ASSIGNED TASK: Go through the records below from the first line and print each one exactly, stopping after the line that contains "基于单片机的照明系统节电控制设计". Do not print pictures or anything past that line.

EXERCISE INPUT:
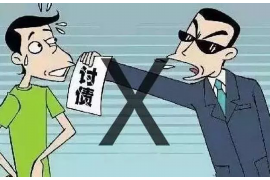 香港追债要账公司的名称：揭秘高效追收之道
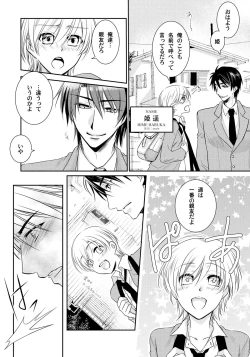 Page 6 of Koisuru Nyotaika Chuuihou! Chapter 1 ichiban no shinyuu no...hazu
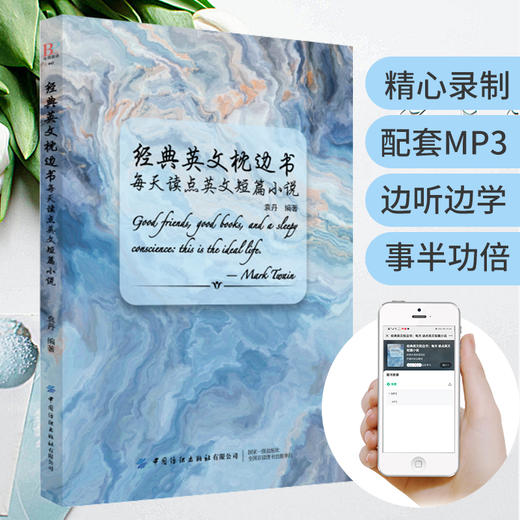 2020新书 经典英文枕边书 每天读点英文短篇小说 英美名人故事数据 阅读词句优美的英文故事 青少年儿童睡前英文名人故事书籍 商品图2
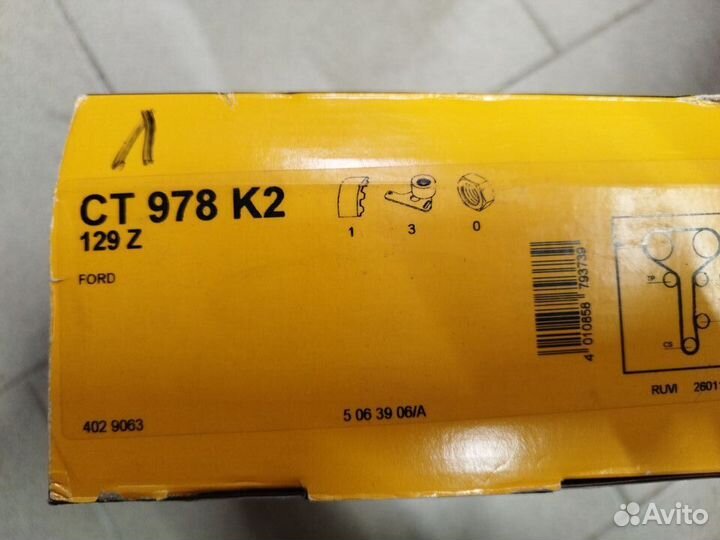 Ремкомплект грм Ford Focus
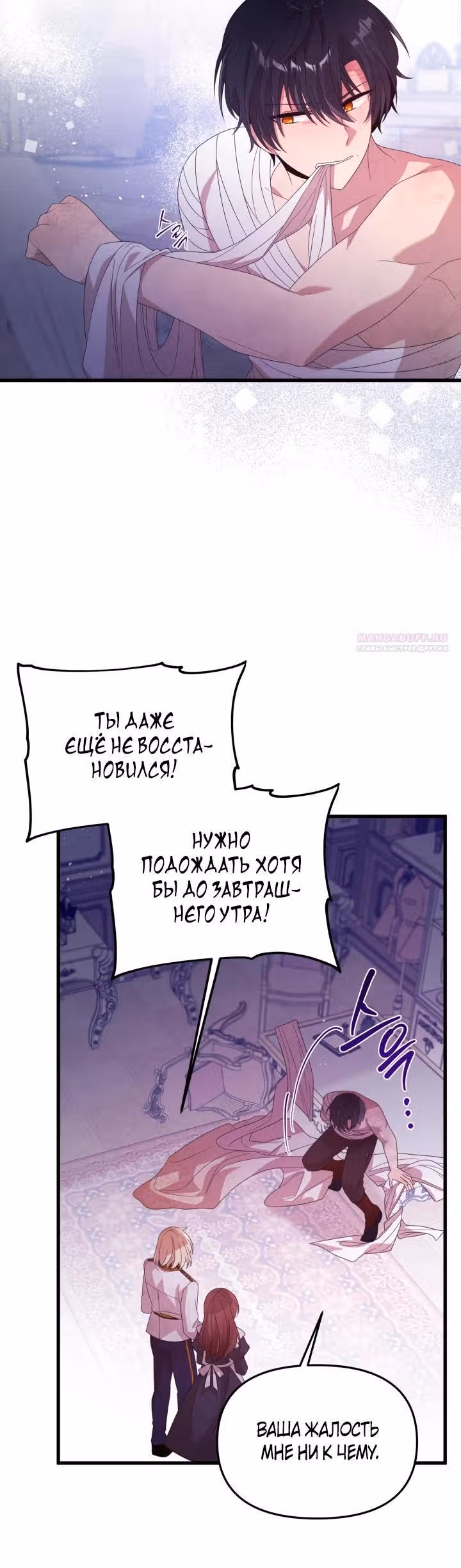 Однажды в Империи Зомби — Том 1 · Глава 30, страница 18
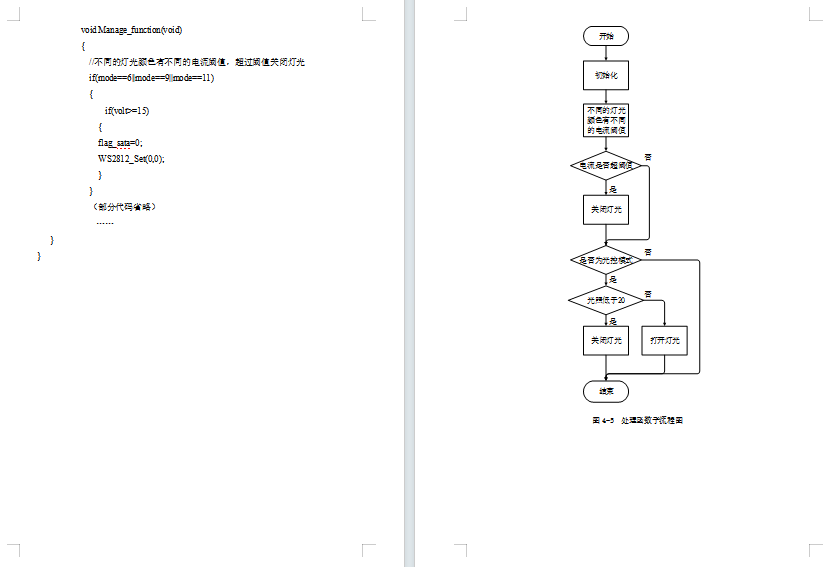 基于单片机的照明系统节电控制设计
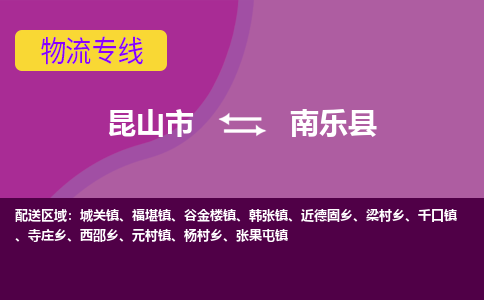 昆山市到南乐县物流公司,昆山市到南乐县货运,昆山市到南乐县物流专线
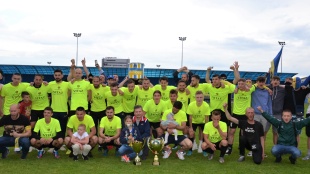Futbalové oslavy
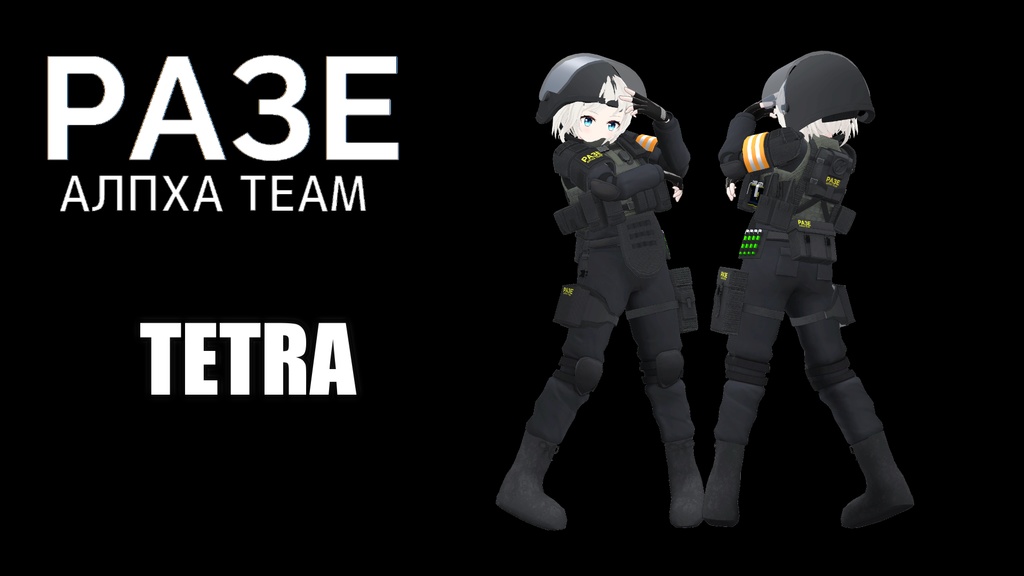 【VRChat向け】複数アバター対応 RAZE ALPHA TEAM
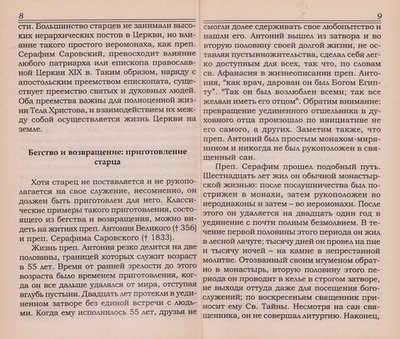 Духовный отец в православии. Митр. Антоний (Сурожский), Еп. Каллист (Уэр), Еп. Василий (Кривошеин), Архим. Кирилл (Павлов)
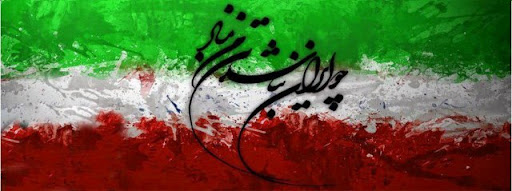 ایران عزیز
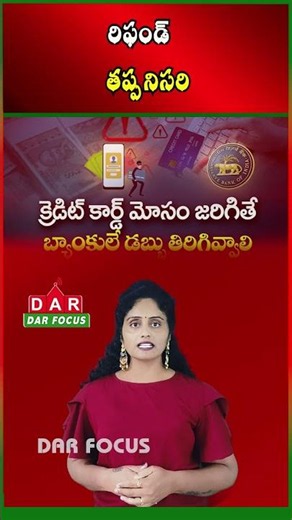 RBI’s New Rule - Banks Must Give Shadow Reversal Within 5 Days for Credit Card Fraud | DAR FOCUS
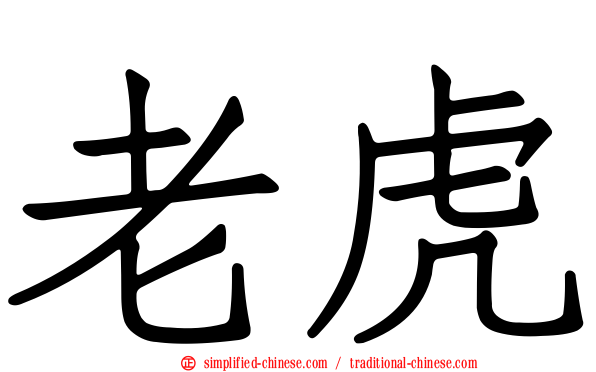 老虎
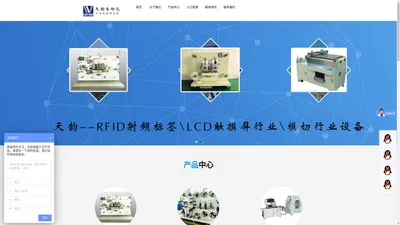 深圳市天韵自动化科技有限公司-RFID射频标签（智能标签）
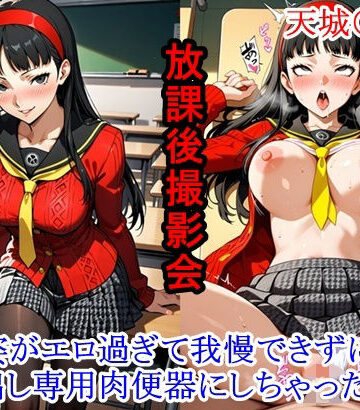 ととのん@虚構アトリエ❤放課後撮影会 〜制服姿がエロ過ぎて我慢できずに中出し専用肉便器にしちゃったCG集〜天城〇子編【イラスト・CG集】イラスト・CG集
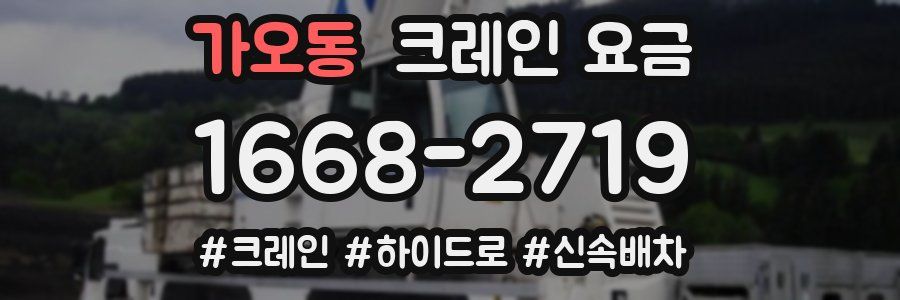가오동 크레인 요금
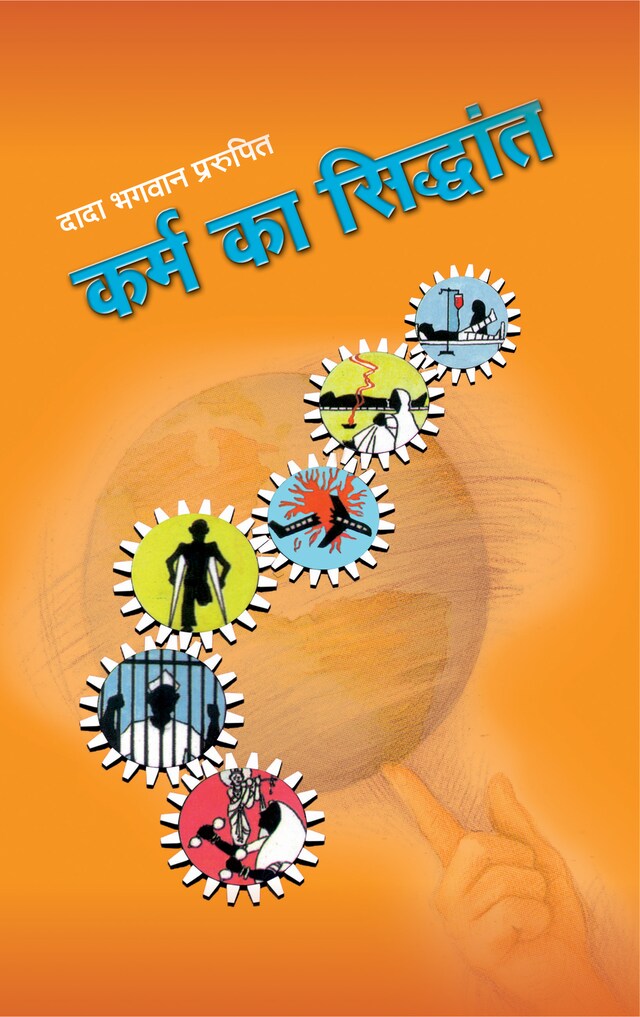 Book cover for कर्म का सिद्धांत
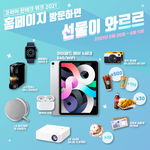 [이벤트] 금융위랑 핀테크지원센터에서 스벅 깊티 에어팟 아이패드...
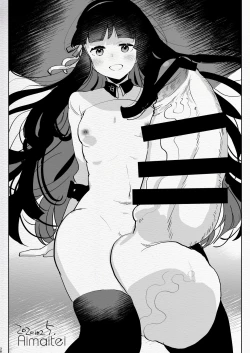 Page 38 of Futanari Chūshin Sukebe e MatomeSkeb. E -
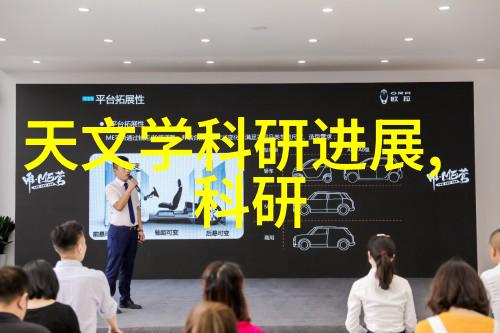 最新客厅电视墙效果图-时尚居家探索最新客厅电视墙效果图的设计魅力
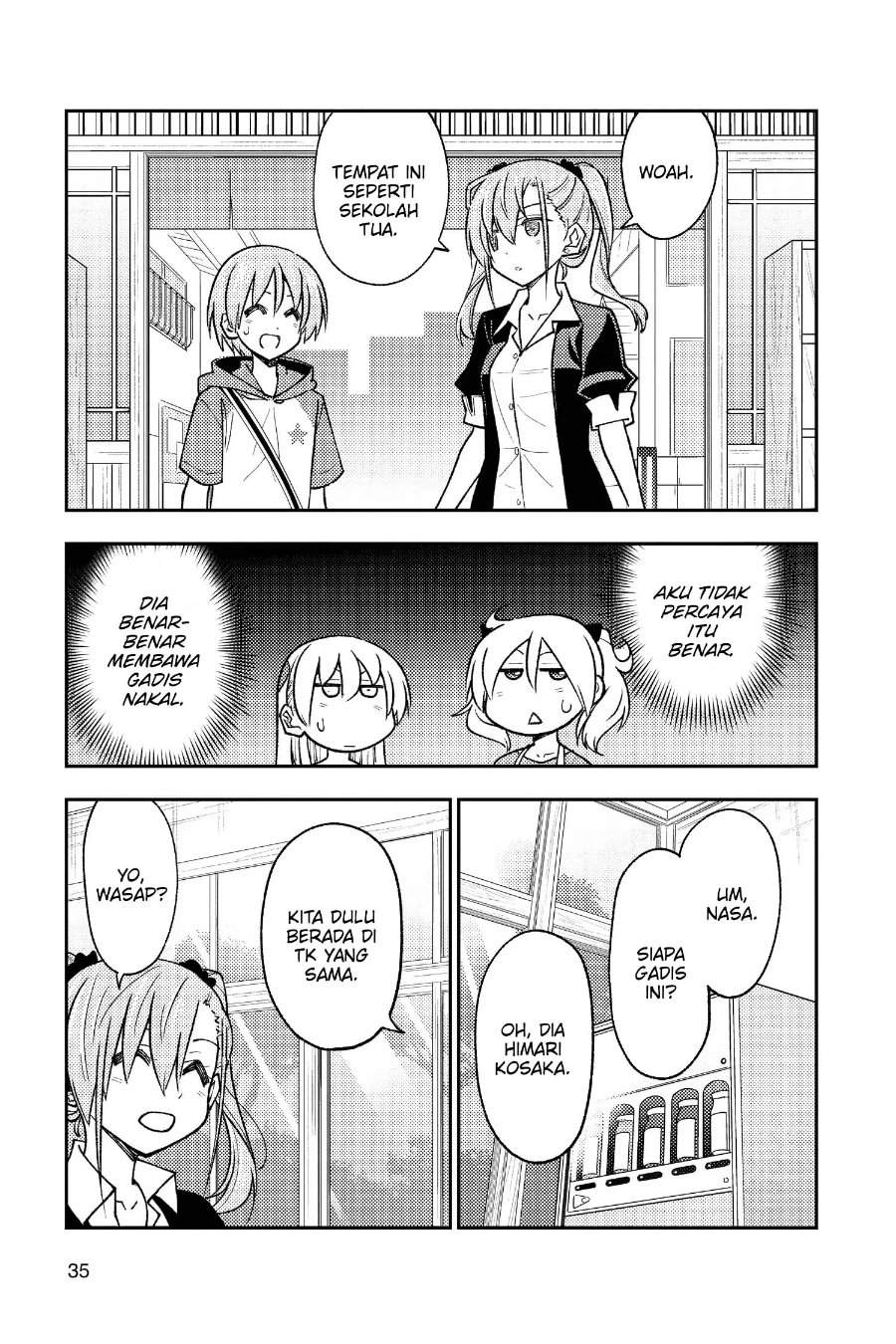 Tonikaku Kawaii Chap 241 - Next Chap 242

THE ANSWER:
 香港追债要账公司的名称：揭秘高效追收之道
 Page 6 of Koisuru Nyotaika Chuuihou! Chapter 1 ichiban no shinyuu no...hazu
 2020新书 经典英文枕边书 每天读点英文短篇小说 英美名人故事数据 阅读词句优美的英文故事 青少年儿童睡前英文名人故事书籍 商品图2
 Ремкомплект грм Ford Focus
 Однажды в Империи Зомби — Том 1 · Глава 30, страница 18
 基于单片机的照明系统节电控制设计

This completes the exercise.